=== Task directions ===
Give back the whole listing word for word and skip each picture.
▼
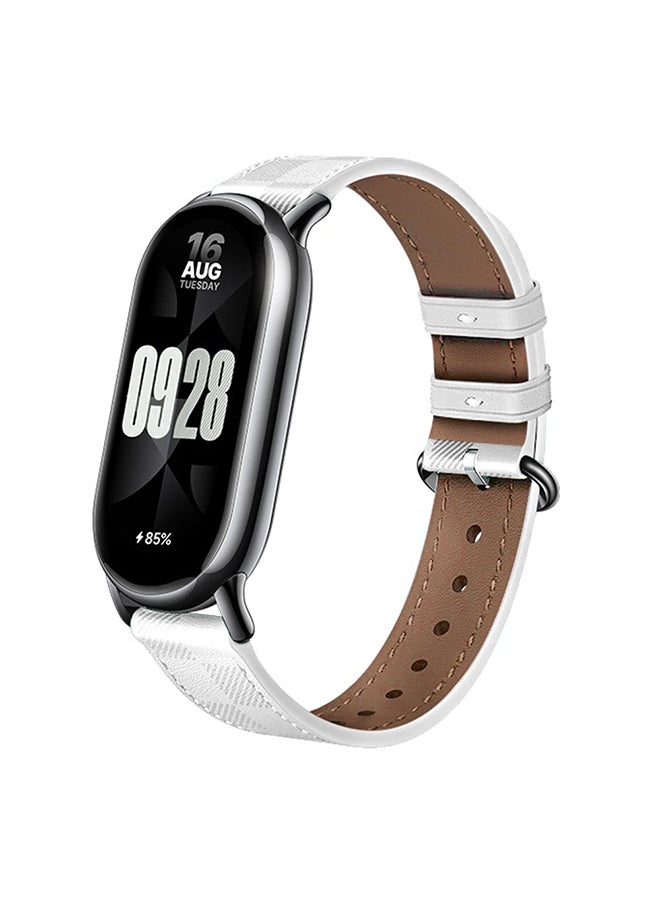 O Ozone Leather Straps For Xiaomi Smart Band 8, Leather Replacement Strap Watch Wrist Band Smart Bracelet Accessories for Women Men - White  - Image 1
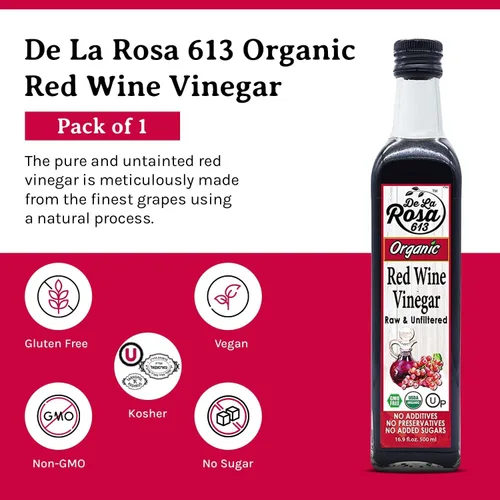 Vista 3 de De La Rosa - Vinagre de vino tinto orgánico, crudo y sin filtrar, Kosher para Pascua, vegano, sin OMG y sin gluten, ideal para aderezos de ensalada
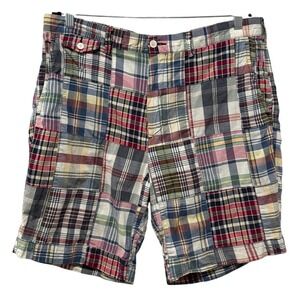 Polo Ralph Lauren Shorts Mens 36 Madras Plaid Patchwork Classic Fit 8" Preppy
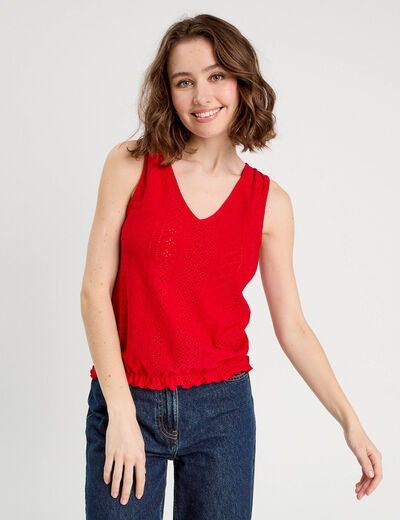 Débardeur broderie anglaise rouge femme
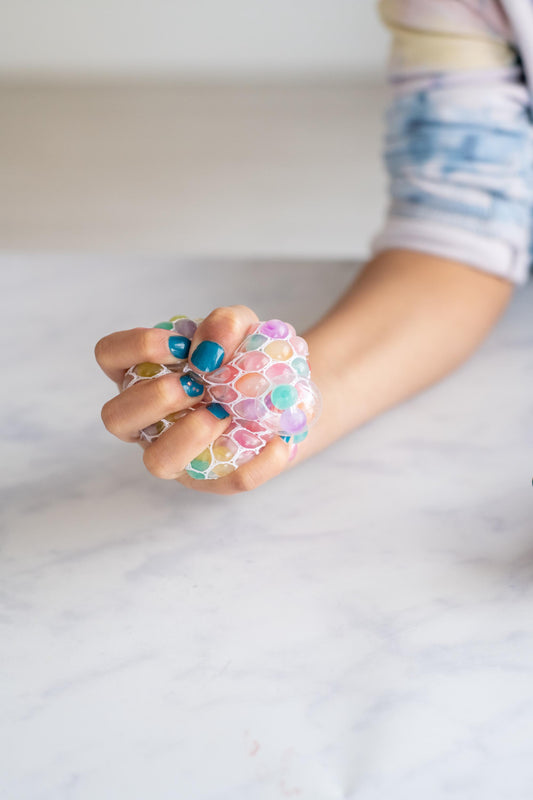 Netted Jelly Bead Stress Ball: Sensory Squeeze Toy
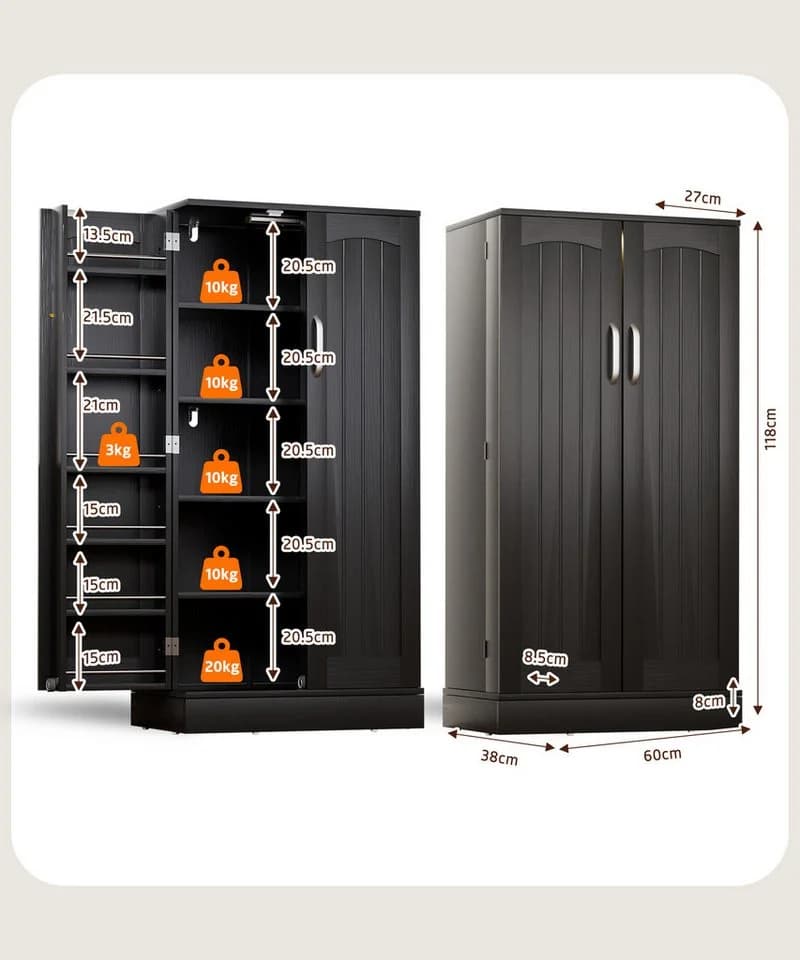 Yorbay Mehrzweckschrank mit LED-Sensorlicht & höhenverstellbaren Regalen Schwarz - Bild 4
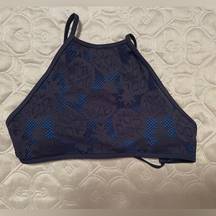 Aerie  High Neck Pineapple Bikini Top XS, navy blue, padded cross cross back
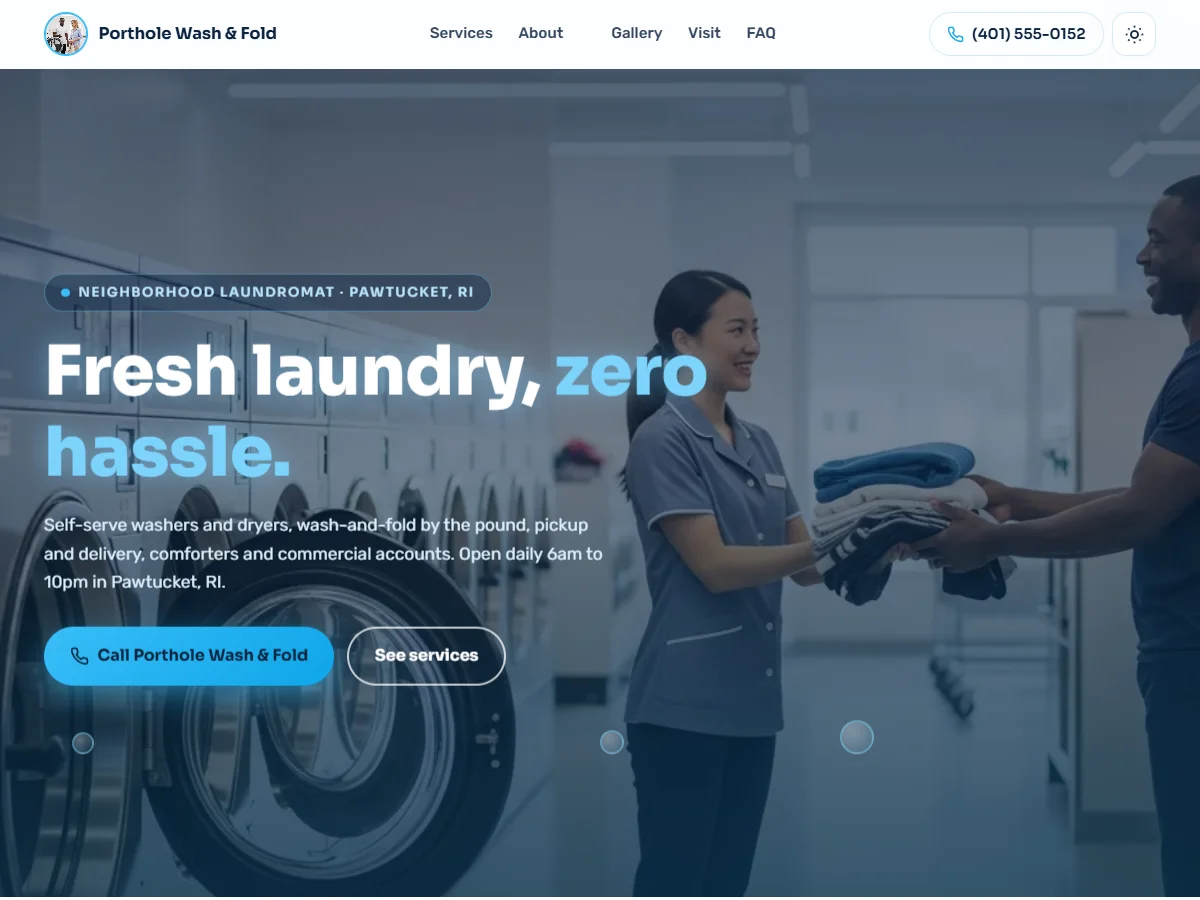 Desktop view of the Porthole Wash & Fold sample website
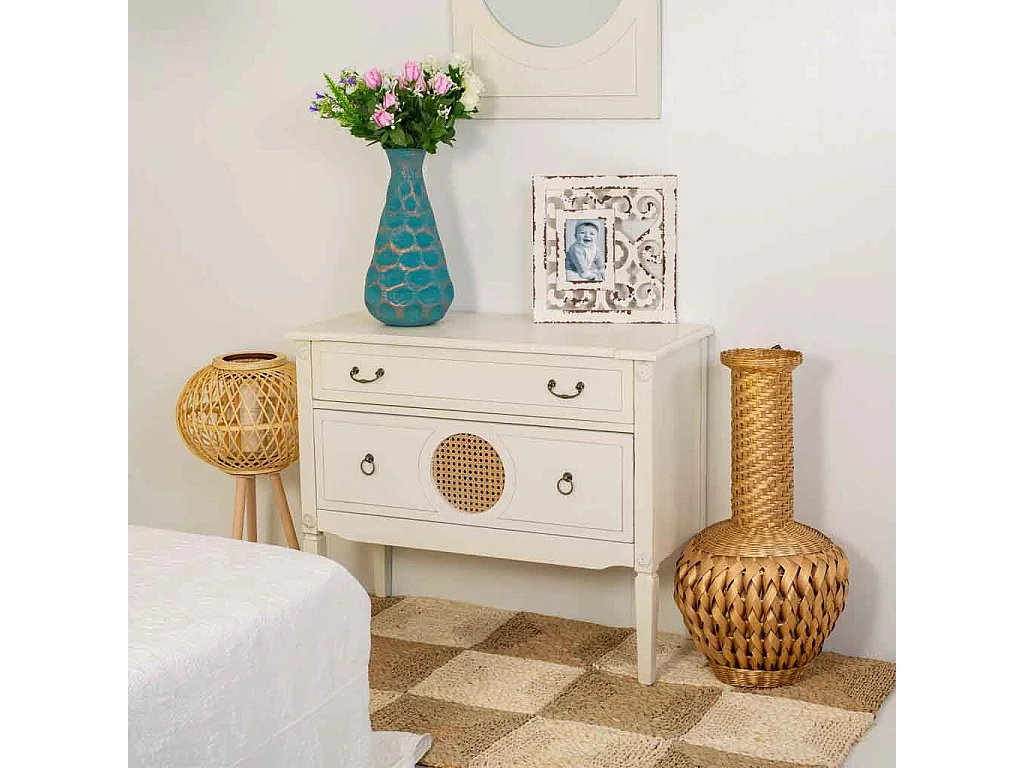 Cassettiera in legno bianco 88x38x72h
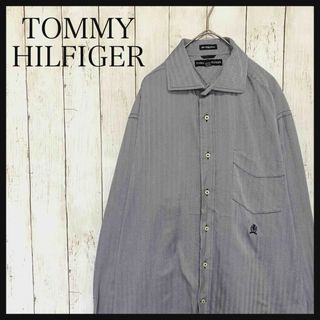 トミーヒルフィガー(TOMMY HILFIGER)のトミーヒルフィガー 長袖シャツワンポイント刺繍ロゴヘリンボーンZ1117(シャツ)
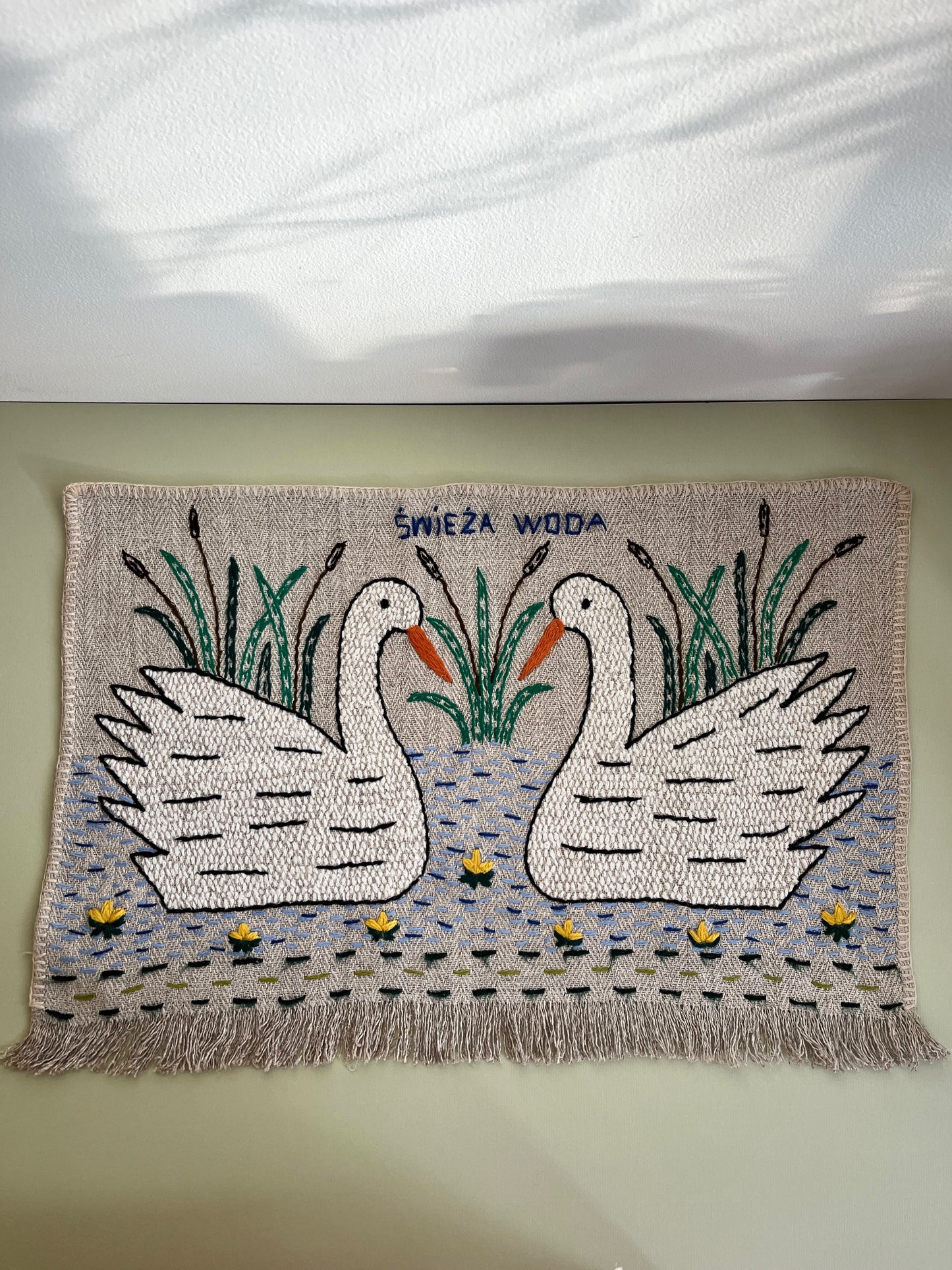 Swans Hand Embroidered Makatka by Anna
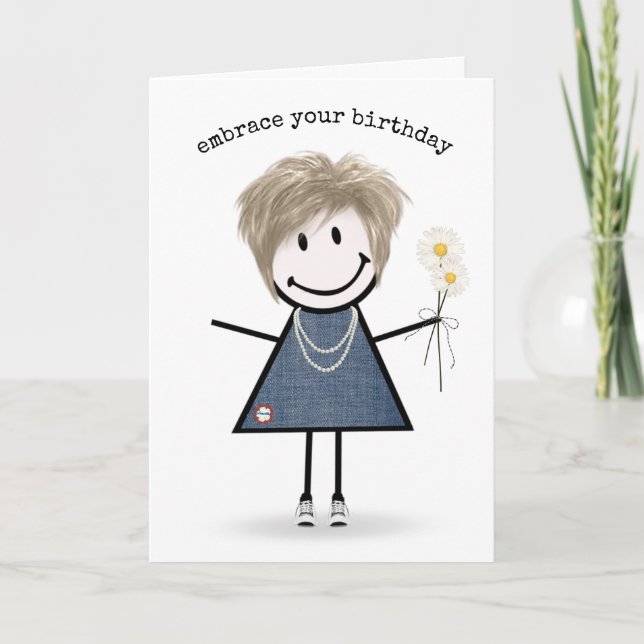 Birthday Stick Figure Girl with Daisies    Card (Front)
▲
=== Task response ===
 O Ozone Leather Straps For Xiaomi Smart Band 8, Leather Replacement Strap Watch Wrist Band Smart Bracelet Accessories for Women Men - White  - Image 1
 Vista 3 de De La Rosa - Vinagre de vino tinto orgánico, crudo y sin filtrar, Kosher para Pascua, vegano, sin OMG y sin gluten, ideal para aderezos de ensalada
 Polo Ralph Lauren Shorts Mens 36 Madras Plaid Patchwork Classic Fit 8" Preppy
 Débardeur broderie anglaise rouge femme
 Netted Jelly Bead Stress Ball: Sensory Squeeze Toy
 Yorbay Mehrzweckschrank mit LED-Sensorlicht & höhenverstellbaren Regalen Schwarz - Bild 4
 Aerie  High Neck Pineapple Bikini Top XS, navy blue, padded cross cross back
 Desktop view of the Porthole Wash & Fold sample website
 Cassettiera in legno bianco 88x38x72h
 トミーヒルフィガー(TOMMY HILFIGER)のトミーヒルフィガー 長袖シャツワンポイント刺繍ロゴヘリンボーンZ1117(シャツ)
 Swans Hand Embroidered Makatka by Anna
 Birthday Stick Figure Girl with Daisies    Card (Front)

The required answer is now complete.